Belajar
mengulas karya sastra dari hasil cipta sendiri, menjadi poin terpenting
bagaimana sastra dapat mencerahkan pembaca. Karya sastra yang dibaca oleh
pembaca dan dicipta pengarang terkadang terjadi tumpang-tindih makna karena
perbedaannya pengalaman dan pengetahuan. Oleh karena itu, diadakan Olimpiade
Sastra Indonesia VI (OSI) di STKIP PGRI Ponorogo, Kemarin (20/5). Kegiatan itu
diprakarsai oleh Unit Kegiatan Mahasiswa Himpunan Mahasiswa Penulis (UKM HMP).
Sejumlah
42 peserta SMA/SMK/MA sederajat se-Karesidenan Madiun bersaing memertahankan
hasil ciptanya di hadapan para juri.
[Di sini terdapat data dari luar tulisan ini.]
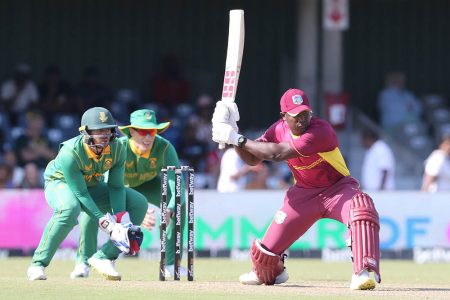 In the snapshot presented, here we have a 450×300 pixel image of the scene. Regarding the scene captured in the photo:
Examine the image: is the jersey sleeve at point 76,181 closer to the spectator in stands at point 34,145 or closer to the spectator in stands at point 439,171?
the spectator in stands at point 439,171

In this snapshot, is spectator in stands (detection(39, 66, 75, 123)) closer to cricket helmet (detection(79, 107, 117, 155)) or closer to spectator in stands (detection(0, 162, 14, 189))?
spectator in stands (detection(0, 162, 14, 189))

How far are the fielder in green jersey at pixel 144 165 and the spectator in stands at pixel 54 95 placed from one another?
8.37 m

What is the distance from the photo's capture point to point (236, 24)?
9977mm

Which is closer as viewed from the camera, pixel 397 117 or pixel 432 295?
pixel 432 295

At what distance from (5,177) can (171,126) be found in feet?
11.8

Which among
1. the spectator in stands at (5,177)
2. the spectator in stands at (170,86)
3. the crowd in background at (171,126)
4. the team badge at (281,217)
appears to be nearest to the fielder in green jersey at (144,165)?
the team badge at (281,217)

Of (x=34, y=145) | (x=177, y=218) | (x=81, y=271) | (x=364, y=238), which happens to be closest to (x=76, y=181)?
(x=177, y=218)

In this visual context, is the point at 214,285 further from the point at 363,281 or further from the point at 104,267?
the point at 363,281

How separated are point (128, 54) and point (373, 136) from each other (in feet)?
22.9

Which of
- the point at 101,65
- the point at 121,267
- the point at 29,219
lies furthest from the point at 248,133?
the point at 121,267

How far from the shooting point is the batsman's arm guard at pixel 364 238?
946cm

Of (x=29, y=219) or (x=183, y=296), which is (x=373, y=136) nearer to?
(x=29, y=219)

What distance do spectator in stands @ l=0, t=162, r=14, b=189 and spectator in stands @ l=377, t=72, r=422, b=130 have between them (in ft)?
24.2

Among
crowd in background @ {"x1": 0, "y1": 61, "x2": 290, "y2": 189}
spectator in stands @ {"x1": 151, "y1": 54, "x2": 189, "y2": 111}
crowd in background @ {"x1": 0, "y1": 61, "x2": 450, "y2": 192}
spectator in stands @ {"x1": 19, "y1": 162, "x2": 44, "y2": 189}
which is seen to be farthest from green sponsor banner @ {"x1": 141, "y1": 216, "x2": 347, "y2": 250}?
spectator in stands @ {"x1": 151, "y1": 54, "x2": 189, "y2": 111} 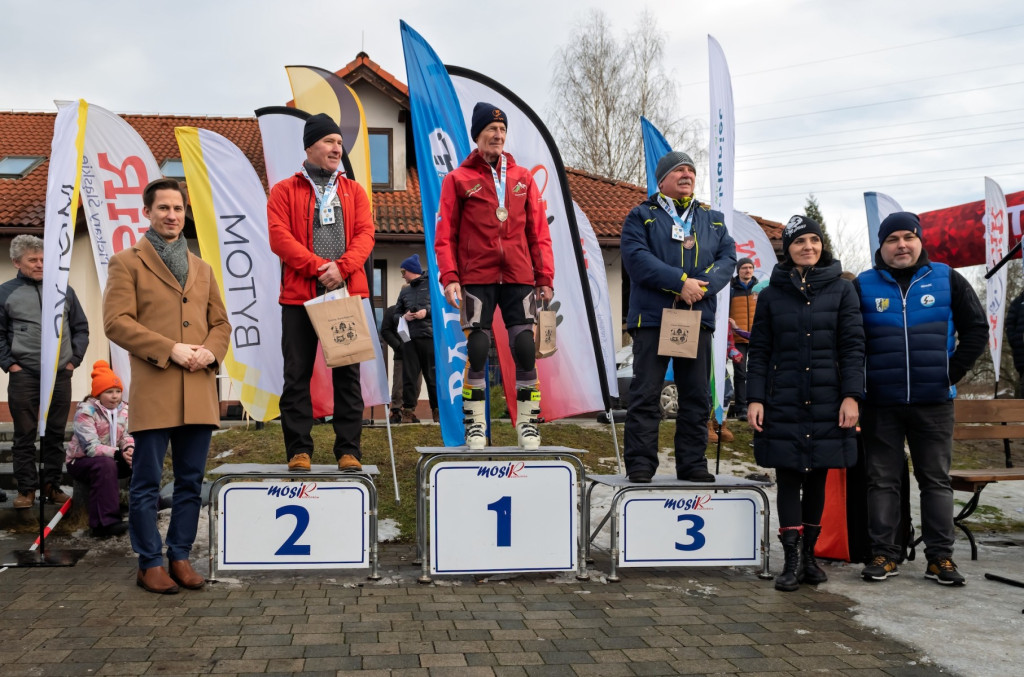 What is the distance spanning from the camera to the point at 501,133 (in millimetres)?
5441

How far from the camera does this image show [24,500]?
653 cm

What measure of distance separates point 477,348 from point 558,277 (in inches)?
74.4

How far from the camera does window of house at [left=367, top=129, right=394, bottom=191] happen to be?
17.2m

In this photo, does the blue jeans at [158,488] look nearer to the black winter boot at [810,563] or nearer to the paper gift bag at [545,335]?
the paper gift bag at [545,335]

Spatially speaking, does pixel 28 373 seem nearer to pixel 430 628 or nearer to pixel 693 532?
pixel 430 628

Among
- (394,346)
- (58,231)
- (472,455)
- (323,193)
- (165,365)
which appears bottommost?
(472,455)

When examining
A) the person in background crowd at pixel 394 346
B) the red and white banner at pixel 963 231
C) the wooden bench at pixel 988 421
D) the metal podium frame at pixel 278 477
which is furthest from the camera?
the red and white banner at pixel 963 231

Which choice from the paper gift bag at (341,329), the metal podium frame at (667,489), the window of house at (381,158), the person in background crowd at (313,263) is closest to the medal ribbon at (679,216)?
the metal podium frame at (667,489)

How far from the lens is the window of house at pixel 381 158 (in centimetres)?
1716

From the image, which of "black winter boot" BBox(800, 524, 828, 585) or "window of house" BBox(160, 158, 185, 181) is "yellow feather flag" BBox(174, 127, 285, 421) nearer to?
"black winter boot" BBox(800, 524, 828, 585)

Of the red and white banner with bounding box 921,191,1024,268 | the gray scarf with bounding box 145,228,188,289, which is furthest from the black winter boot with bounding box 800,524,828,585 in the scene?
the red and white banner with bounding box 921,191,1024,268

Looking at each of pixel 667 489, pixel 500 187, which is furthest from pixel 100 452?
pixel 667 489

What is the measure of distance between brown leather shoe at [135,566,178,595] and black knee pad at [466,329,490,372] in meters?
2.09

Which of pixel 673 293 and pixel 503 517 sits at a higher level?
pixel 673 293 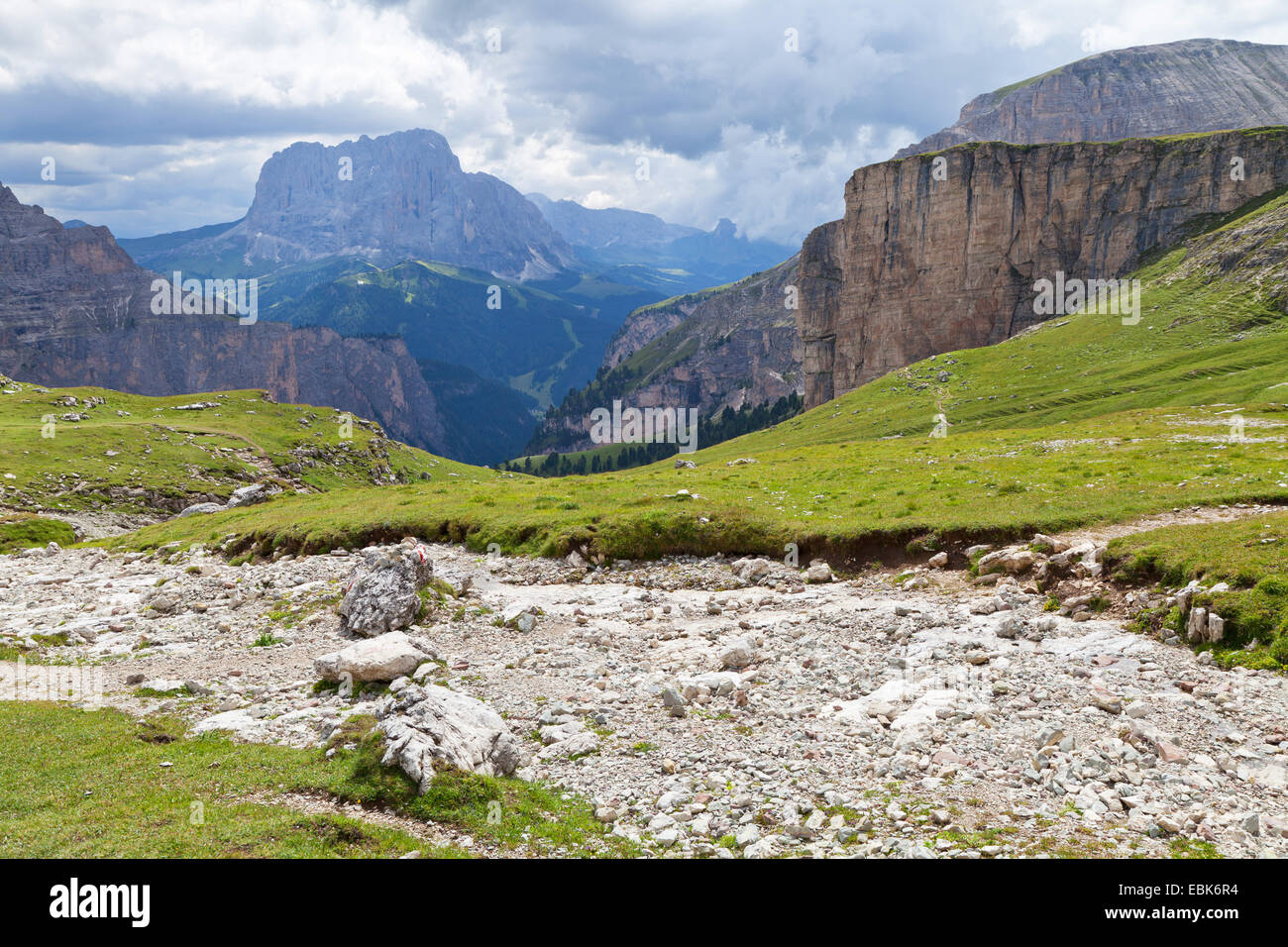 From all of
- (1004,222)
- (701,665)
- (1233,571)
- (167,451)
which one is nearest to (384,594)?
(701,665)

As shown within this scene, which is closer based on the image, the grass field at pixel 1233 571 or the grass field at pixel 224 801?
the grass field at pixel 224 801

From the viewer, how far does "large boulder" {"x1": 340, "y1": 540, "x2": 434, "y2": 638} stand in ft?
77.3

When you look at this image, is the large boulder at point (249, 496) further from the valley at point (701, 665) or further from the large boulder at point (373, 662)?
the large boulder at point (373, 662)

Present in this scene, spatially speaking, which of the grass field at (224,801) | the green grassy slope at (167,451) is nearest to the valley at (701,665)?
the grass field at (224,801)

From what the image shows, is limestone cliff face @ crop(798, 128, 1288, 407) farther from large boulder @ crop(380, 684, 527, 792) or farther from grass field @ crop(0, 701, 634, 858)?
grass field @ crop(0, 701, 634, 858)

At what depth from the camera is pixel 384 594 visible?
24047 millimetres

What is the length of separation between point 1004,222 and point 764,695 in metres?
177

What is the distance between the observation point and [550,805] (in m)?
12.6

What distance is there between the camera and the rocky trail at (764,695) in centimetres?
1151

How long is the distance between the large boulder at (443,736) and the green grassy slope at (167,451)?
81.0 m

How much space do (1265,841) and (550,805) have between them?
10.6m

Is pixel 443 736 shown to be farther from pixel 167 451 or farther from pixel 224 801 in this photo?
pixel 167 451

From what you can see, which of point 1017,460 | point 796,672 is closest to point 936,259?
point 1017,460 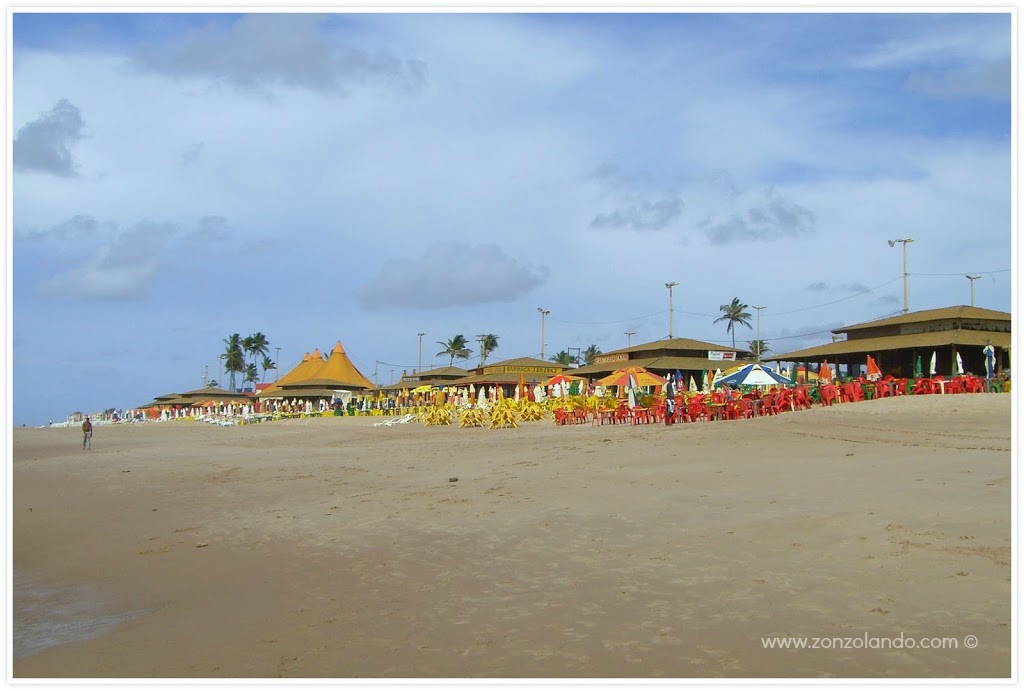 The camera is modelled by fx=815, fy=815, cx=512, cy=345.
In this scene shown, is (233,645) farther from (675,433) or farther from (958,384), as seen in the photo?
(958,384)

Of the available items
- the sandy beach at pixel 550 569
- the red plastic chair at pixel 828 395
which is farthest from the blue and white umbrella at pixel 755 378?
the sandy beach at pixel 550 569

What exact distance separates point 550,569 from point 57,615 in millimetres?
3920

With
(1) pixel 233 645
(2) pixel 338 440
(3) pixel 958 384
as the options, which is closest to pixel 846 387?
(3) pixel 958 384

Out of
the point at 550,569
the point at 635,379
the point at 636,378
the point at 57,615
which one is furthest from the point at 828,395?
the point at 57,615

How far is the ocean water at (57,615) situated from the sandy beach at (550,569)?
0.09ft

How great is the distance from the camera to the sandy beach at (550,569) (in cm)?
468

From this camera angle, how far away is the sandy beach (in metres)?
4.68

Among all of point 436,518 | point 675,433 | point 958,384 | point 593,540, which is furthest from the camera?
point 958,384

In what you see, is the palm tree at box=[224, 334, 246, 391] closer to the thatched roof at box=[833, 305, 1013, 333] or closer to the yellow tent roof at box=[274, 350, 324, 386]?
the yellow tent roof at box=[274, 350, 324, 386]

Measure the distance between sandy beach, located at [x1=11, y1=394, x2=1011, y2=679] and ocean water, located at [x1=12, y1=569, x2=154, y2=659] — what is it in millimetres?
26

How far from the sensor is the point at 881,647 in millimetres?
4371

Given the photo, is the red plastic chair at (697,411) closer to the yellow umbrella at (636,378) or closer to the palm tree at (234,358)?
the yellow umbrella at (636,378)

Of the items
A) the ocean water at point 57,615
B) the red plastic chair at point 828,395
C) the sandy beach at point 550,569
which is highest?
the red plastic chair at point 828,395

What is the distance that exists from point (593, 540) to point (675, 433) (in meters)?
9.55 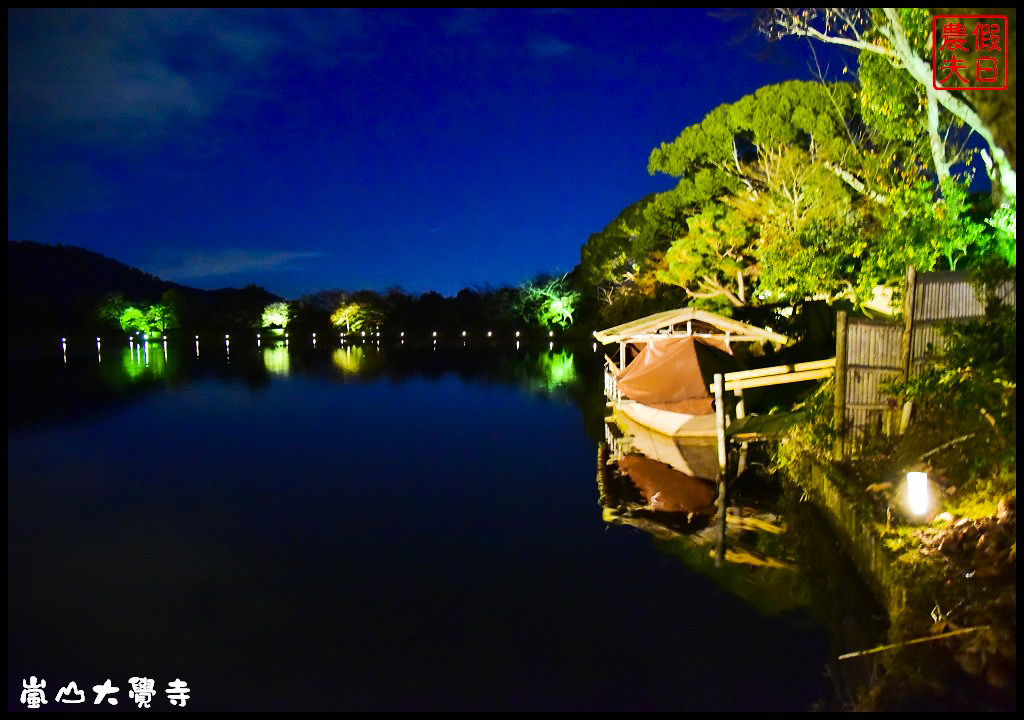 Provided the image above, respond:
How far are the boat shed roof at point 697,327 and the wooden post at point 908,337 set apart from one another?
5.29 meters

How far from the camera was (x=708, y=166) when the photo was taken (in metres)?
21.5

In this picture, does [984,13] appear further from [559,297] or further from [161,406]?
[559,297]

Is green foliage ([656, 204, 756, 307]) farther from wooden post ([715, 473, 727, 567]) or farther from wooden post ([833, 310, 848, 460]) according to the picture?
wooden post ([833, 310, 848, 460])

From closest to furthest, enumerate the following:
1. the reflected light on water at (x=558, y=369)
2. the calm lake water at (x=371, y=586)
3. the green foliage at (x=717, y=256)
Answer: the calm lake water at (x=371, y=586)
the green foliage at (x=717, y=256)
the reflected light on water at (x=558, y=369)

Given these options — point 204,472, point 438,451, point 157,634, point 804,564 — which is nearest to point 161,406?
point 204,472

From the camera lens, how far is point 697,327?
13070mm

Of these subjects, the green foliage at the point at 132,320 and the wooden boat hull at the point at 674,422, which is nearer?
the wooden boat hull at the point at 674,422

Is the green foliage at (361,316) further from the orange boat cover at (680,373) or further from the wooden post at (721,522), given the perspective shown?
the wooden post at (721,522)

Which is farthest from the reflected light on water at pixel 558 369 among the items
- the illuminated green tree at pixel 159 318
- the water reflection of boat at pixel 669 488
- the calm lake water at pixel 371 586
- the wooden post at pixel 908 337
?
the illuminated green tree at pixel 159 318

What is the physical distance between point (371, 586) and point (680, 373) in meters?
7.20

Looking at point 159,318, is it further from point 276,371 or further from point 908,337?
point 908,337

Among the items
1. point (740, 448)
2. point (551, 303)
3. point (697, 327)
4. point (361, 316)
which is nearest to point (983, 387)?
point (740, 448)

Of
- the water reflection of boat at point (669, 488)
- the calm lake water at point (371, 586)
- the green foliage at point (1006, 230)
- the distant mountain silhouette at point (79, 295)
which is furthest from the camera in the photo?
the distant mountain silhouette at point (79, 295)

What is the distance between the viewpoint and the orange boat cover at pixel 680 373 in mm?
11492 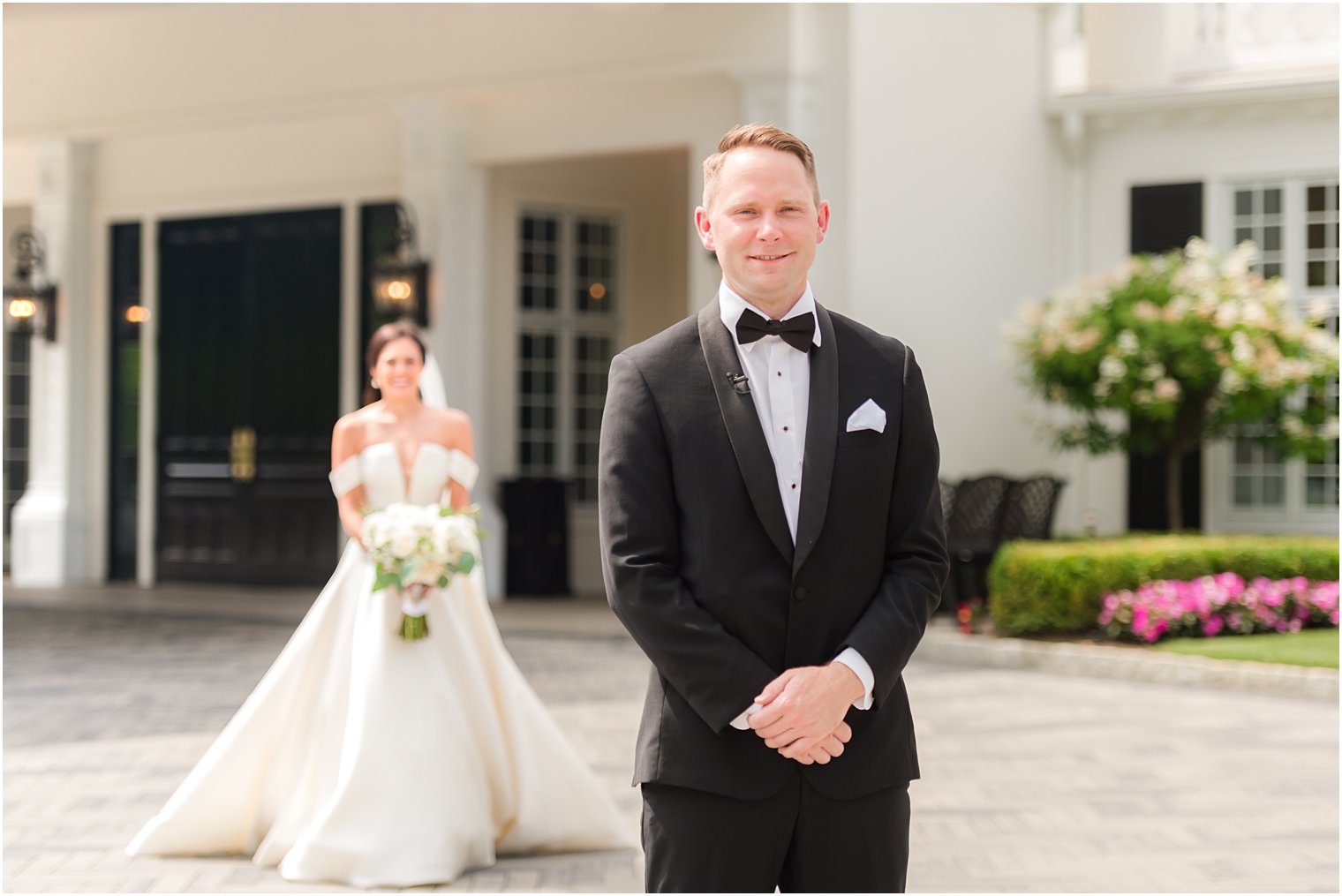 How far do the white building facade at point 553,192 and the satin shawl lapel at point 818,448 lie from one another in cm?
928

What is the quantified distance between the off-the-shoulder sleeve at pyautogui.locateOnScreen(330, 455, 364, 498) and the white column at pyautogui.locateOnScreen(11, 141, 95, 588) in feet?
34.6

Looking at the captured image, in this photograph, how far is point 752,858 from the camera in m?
2.53

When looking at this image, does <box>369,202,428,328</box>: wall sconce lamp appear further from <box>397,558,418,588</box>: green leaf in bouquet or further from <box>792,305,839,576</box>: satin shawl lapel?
<box>792,305,839,576</box>: satin shawl lapel

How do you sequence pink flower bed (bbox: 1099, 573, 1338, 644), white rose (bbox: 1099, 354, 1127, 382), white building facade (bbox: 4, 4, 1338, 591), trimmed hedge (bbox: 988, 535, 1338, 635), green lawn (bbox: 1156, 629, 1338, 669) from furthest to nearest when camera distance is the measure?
1. white building facade (bbox: 4, 4, 1338, 591)
2. white rose (bbox: 1099, 354, 1127, 382)
3. trimmed hedge (bbox: 988, 535, 1338, 635)
4. pink flower bed (bbox: 1099, 573, 1338, 644)
5. green lawn (bbox: 1156, 629, 1338, 669)

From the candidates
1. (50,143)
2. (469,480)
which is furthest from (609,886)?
(50,143)

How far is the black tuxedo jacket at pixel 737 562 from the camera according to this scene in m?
2.50

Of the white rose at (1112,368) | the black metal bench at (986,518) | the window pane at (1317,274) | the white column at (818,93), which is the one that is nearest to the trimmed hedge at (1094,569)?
the black metal bench at (986,518)

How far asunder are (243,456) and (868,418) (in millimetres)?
12944

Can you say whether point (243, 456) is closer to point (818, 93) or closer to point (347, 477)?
point (818, 93)

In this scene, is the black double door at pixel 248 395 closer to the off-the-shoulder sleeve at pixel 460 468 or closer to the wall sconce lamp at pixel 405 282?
the wall sconce lamp at pixel 405 282

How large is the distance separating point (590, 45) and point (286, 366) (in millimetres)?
4457

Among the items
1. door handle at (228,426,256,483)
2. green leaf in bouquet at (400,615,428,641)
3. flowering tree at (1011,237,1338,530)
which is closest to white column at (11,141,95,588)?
door handle at (228,426,256,483)

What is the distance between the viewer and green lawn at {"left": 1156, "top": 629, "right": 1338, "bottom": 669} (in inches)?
384

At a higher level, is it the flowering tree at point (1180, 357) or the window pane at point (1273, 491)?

Di antaranya adalah cipta artikel, cipta
puisi, dan cipta cerpen. Serta, pembacaan puisi karya para sastrawan Indonesia.
OSI
merupakan wadah para pelajar untuk mengekspresikan segala hal. Mulai dari hasil
pengalaman hidup, pengalaman indera, pembacaan buku, dan lain sebagainya. Lalu,
dituangkan dalam karya sastra.
“Banyak
hal yang dapat kita pelajari di kehidupan sosial, yang dapat diilustrasikan
melalui karya cerpen. Beberapa karya saya terilhami dari proses pengalaman
indera,” kata Sri Wahyuni, Bendahara HMP.
Salah
satu sayembara paling popular adalah membaca puisi. Sejumlah 20-an peserta bersaing
hebat. Membaca puisi dengan suara super meskipun mereka sedang berpuasa.
Tema
“Mendunia dengan Literasi Sastra Berbudaya”, Sutejo mengungkapkan ada dua kata
kunci, yaitu sastra dan budaya. Budaya dalam kaitannya sangatlah luas. Mulai
dari kebiasaan, mitos, sejarah, seni, dan lainnya.
“Kebiasaan
sehari-hari seperti cara makan, berjalan, bertutur kata, dan bersikap merupakan
bagian dari budaya,” ungkap Pembimbing UKM HMP.
Secara
terpisah, Yuda Kretiyanto mengemukakan, salah satu tema yang dipilih panitia
dalam sayembara menulis cerpen adalah cinta dan budaya. Anak pelajar remaja
akhir rentan mendapati gejolak cinta. Antara memiliki pasangan dan tidak
memiliki alias jomblo menjadi problem fundamental bagi mereka.
Sementara
budaya, sebagian remaja ada yang tekun menggeluti budaya, misal kesenian.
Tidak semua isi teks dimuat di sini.